One of the defining paintings of British Pop art, Richard Hamilton’s Swingeing London 67 (f) depicts two men--Mick Jagger and Hamilton’s art dealer Robert Fraser--handcuffed together in the back of a police van. The image is taken from a newspaper photograph that shows the two being driven from Lewes prison to Chichester Magistrates Court following their June 1967 arrest for possession of drugs. The title is a clever and bitter play on words, conflating the “swinging” of 1960s-era London with the “swingeing” (to swinge is to beat or scourge) punishment meted out to new cultural heroes by the law. Hamilton’s painting is far from reportage; it portrays the historical clash of cultures between Pop (and Pop art) and the establishment.
In this illustrated study of Hamilton’s celebrated painting, Andrew Wilson views Swingeing London 67 (f) as history painting, to be understood in the context of the struggle against the British state’s attempt--aided and abetted by the popular press--to repress any expression of personal liberation.
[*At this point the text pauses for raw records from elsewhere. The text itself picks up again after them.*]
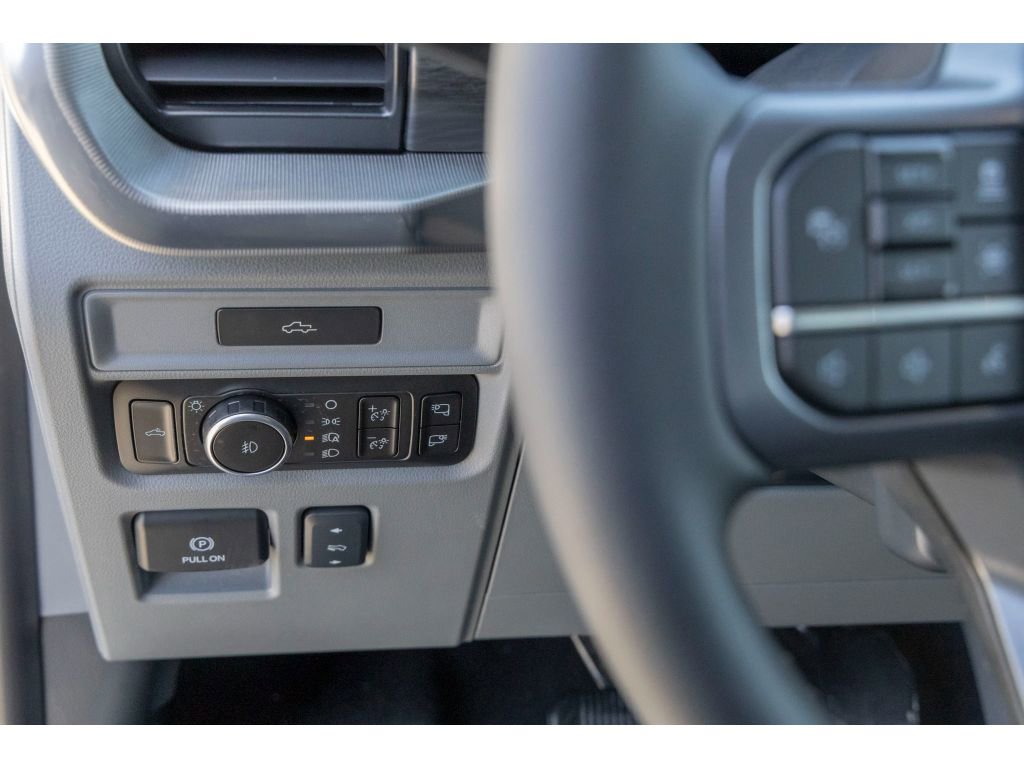New 2026 Ford F150 Lariat image 21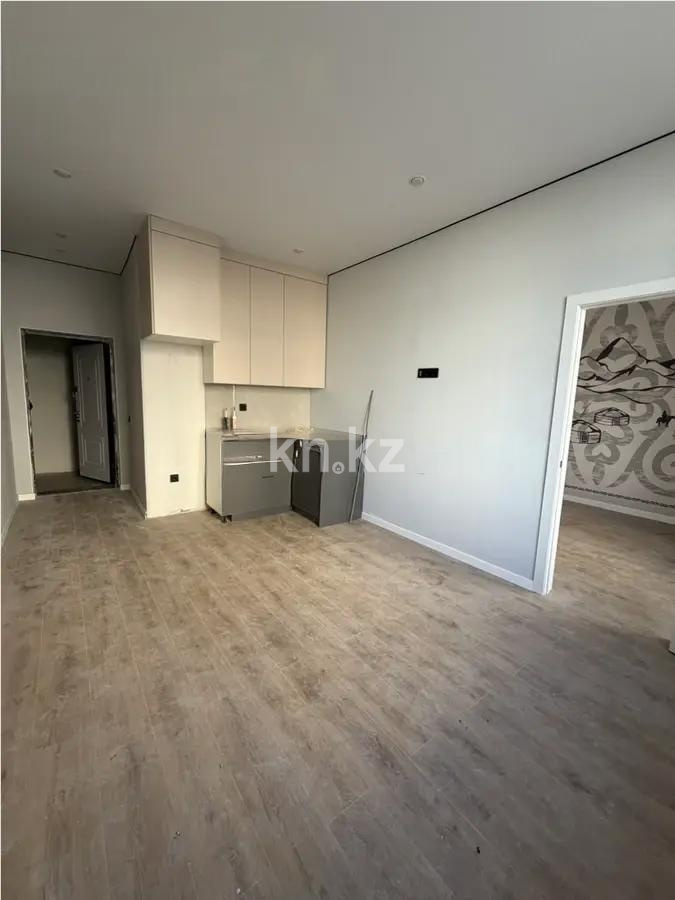 Продажа 1-комнатной квартиры, 35.7 м² в Астане - фото 3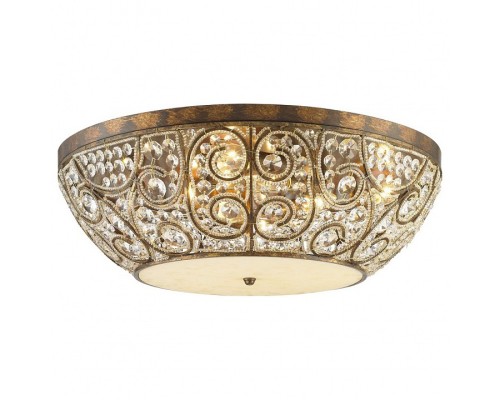 Накладной светильник Wertmark Rosalia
Hamilton’s Pop art idiom of figuration and media images was his way of refusing the demands of an old aesthetic order. For him, Pop art was the expression of an open-ended, analytical, critical, and artistic process that reflected his own direct engagement with ethical issues. With Swingeing London 67 (f), Hamilton offers not only a representational image but also a trigger for critical activity--an image of an event and an image of what determines the conditions of that image.
About the Author
Andrew Wilson, a curator, art historian, and art critic, has been Curator of Modern and Contemporary British Art at Tate Britain since 2006.